Gov. Charlie Baker will testify alongside four other governors on Capitol Hill Thursday in the latest sign that he’s playing a role in the next phase of federal health care reform.
Baker — who will be joined by two fellow Republicans (Utah Gov. Gary Herbert and Tennessee Gov. Bill Haslam) and two Democrats (Montana Gov. Steve Bullock and Colorado Gov. John Hickenlooper) — has written or helped draft almost a dozen letters to Congressional leaders on health care in the last few months.
His message before the Senate Committee on Health, Education, Labor and Pensions will be both show and tell: If governors from different parties can find common ground on health care, Baker plans to tell senators, then so can you.
“You have millions of people who are relying on and depending on the feds and states to work together to make sure people don’t lose their coverage.”
Gov. Charlie Baker
“Because you have millions of people who are relying on and depending on the feds and states to work together to make sure people don’t lose their coverage,” Baker told WBUR after a recent public appearance.
Baker will urge the Senate to stop the latest threat to that coverage, which is coming from President Trump. Trump has suggested cutting off so-called cost-sharing reduction payments — payments that reimburse insurance companies for discounts they give to lower income Americans that make insurance cheaper.
Baker say Congress needs at least a short-term guarantee that the feds will keep making those payments.
“Which are a pretty critical part of making the individual and the exchange markets work, not just in Massachusetts but across the country,” Baker said.
Then our governor, who may know more about the gritty details of health care than any of his colleagues, will dive deep into health care wonk speak.
“You’re also going to hear us talk about some of the things we think the feds could do with the 1332 waiver program, and with either shared initiatives or federal initiatives around re-insurance, to improve the quality of the pricing and some of the products that are offered in those markets.”

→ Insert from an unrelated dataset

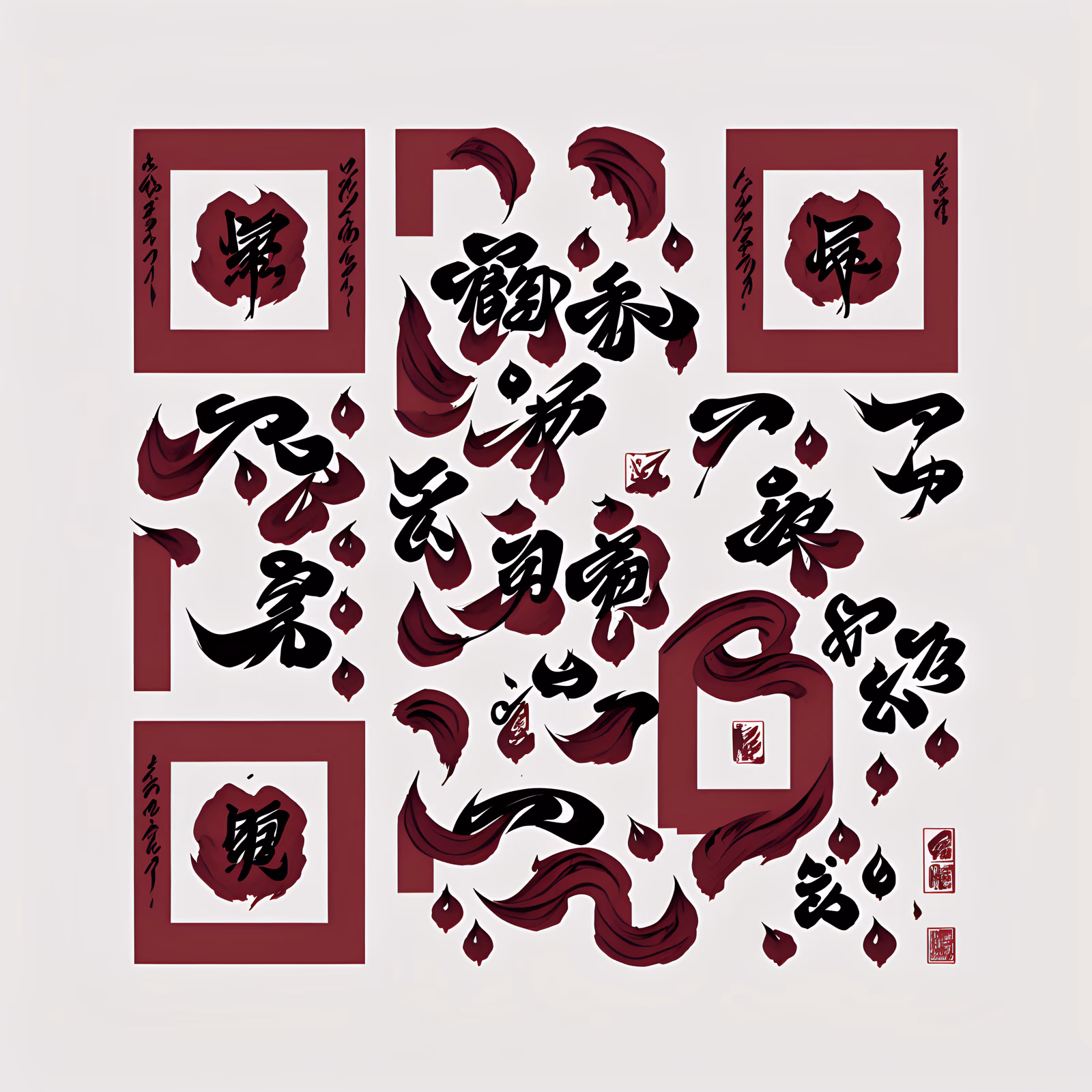 栗色水墨书法二维码艺术 — 图片 1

OK, stay with me: There are ideas here worth translating. Take that 1332 waiver program. It lets individual states make big changes to Obamacare — like getting rid of the individual mandate or removing required benefits — with federal permission.
Baker, for example, wants to change the way Massachusetts covers some low-income people, moving them off Medicaid and onto the Health Connector, where they would likely have less generous benefits and higher co-pays.
Liberals hate this plan, but attorney Tom Barker, who worked on health care in President George W. Bush’s administration, says this proposal from Baker could get some serious national attention.
“Having people enroll in private insurance options, as opposed to Medicaid, and maybe using Medicaid dollars to buy down premiums and cost sharing, that I think is a basis for bipartisan compromise,” Barker says.
Health care advocates in Massachusetts who are fighting Baker’s plan don’t want to see it gain traction.
“There needs to be a bipartisan solution and that needs to be part of the mix,” says Community Catalyst director Rob Restuccia, “but I wouldn’t say that we agree with that.”
Restuccia and others don’t support giving states the flexibility to trim Medicaid eligibility, but that’s just what many conservatives say must happen with an Obamacare “fix.”
If there is the possibility of a health care compromise in D.C., it will likely take shape with input from Baker and other governors, says Jennifer Duffy, a senior editor for The Cook Political Report.
“The sense is that if there is any future effort this year to do something on health care, it’s going to have to come out of the Senate and there’s going to have to be a bipartisan element to it,” Duffy says.
Gov. Baker likes to joke that he grew up learning the languages of both parties: Democrat from his mother and Republican from his father. And he’s developed a reputation after decades in and out of public life as someone who looks beyond political labels.
“If there is such a thing, if there is such a person or is such a concept of a bipartisan approach to health care, I think it rests within Charlie Baker.”
Stuart Altman, health policy professor at Brandeis University
“Charlie Baker is the ideal bipartisan,” says Stuart Altman, a professor of national health policy at Brandeis University. “So if there is such a thing, if there is such a person or is such a concept of a bipartisan approach to health care, I think it rests within Charlie Baker.”
But Altman says many Republicans aren’t ready to bury grudges from the failed effort to repeal and replace Obamacare, and have no interest in listening to someone like Baker explain how they could make the law better. Many Democrats aren’t willing to give up anything in the law they fought to maintain, and may be reluctant to help Baker look good.
John McDonough, a professor at the Harvard Chan School of Public Health, says Baker is in a uniquely interesting position.
“We have a moderate Republican governor and his political fate is in some ways tied to the success of the [Affordable Care Act],” McDonough says. “Not in a do or die way, but the better the ACA does, the better his administration carries out what they’re attempting to do.”
Like making sure Medicaid spending doesn’t dominate the state budget.
So on Capitol Hill on Thursday, will conservative Republicans blast Baker or embrace him? Does Democratic Sen. Elizabeth Warren treat him like a teammate or an opponent?
In between the lines of health care language that we may not understand, there will be lots of fascinating political notes.